Na tasmańskiej plaży zmarł mężczyzna. Doznał ataku serca i nie udało się go uratować. Wcześniej najprawdopodobniej zaatakowała go płaszczka.
W sobotnie popołudnie na plaży Lauderdale, na wschód od miasta Hobart w Tasmanii, doszło do tragicznego zdarzenia. 42-letni mężczyzna miał zawał serca, do czego prawdopodobnie przyczyniło się ukłucie płaszczki. Pomimo wielu prób reanimacji, akcja ratunkowa zakończyła się niepowodzeniem.
Atak w wodzie
42-latek samotnie płynął w kierunku brzegu. To wtedy prawdopodobnie został zraniony przez kolec płaszczki.
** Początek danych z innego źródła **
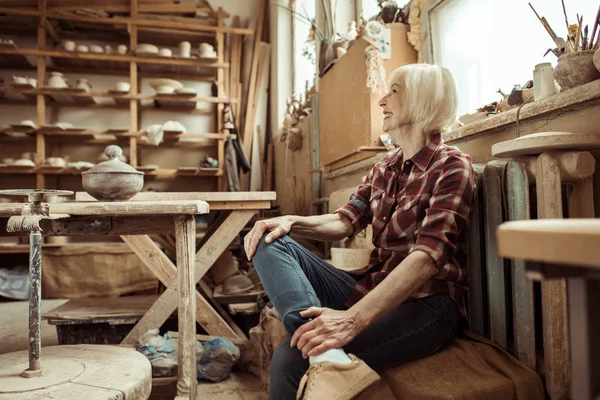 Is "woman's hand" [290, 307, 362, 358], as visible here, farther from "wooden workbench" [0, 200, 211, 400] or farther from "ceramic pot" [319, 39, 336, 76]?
"ceramic pot" [319, 39, 336, 76]

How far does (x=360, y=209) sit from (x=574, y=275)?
4.27 feet

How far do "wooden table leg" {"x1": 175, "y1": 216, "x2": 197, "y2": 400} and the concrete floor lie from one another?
0.55 meters

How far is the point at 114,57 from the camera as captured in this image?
5.56 metres

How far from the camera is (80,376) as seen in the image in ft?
4.36

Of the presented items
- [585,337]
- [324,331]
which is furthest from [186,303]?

- Zanim przybyły służby ratunkowe, mężczyzna został wyciągnięty z wody przez przyjaciół - poinformowała w oświadczeniu tasmańska policja. Miał ranę kłutą w dolnej części brzucha, która wskazuje właśnie na atak płaszczki.
W sobotę burmistrz Clarence, Doug Chipman, poinformował stację ABC, że rada jeszcze nie podjęła decyzji, czy zamknie plażę po incydencie. Dzień po tragedii była wciąż czynna.
- Musimy dowiedzieć się, czy jest to jednorazowy tak tragiczny wypadek czy też istnieje większe zagrożenie dla społeczności - powiedział Chipman.
Śmierć znanego przyrodnika
Płaszczki nie są uważane za agresywne zwierzęta, a ich śmiertelne ataki na ludzi należą do rzadkości. U wielu gatunków ich ogon zakończony jest kolcem jadowym. Wprowadzenie jadu do organizmu wywołuje ból i może zaburzyć akcję serca oraz oddychanie.
W 2006 roku australijski przyrodnik i prezenter Steve Irwin, znany również jako "Łowca Krokodyli" zmarł podczas nagrywania programu. Kolec ogończy płaszczki przebił jego klatkę piersiową i serce.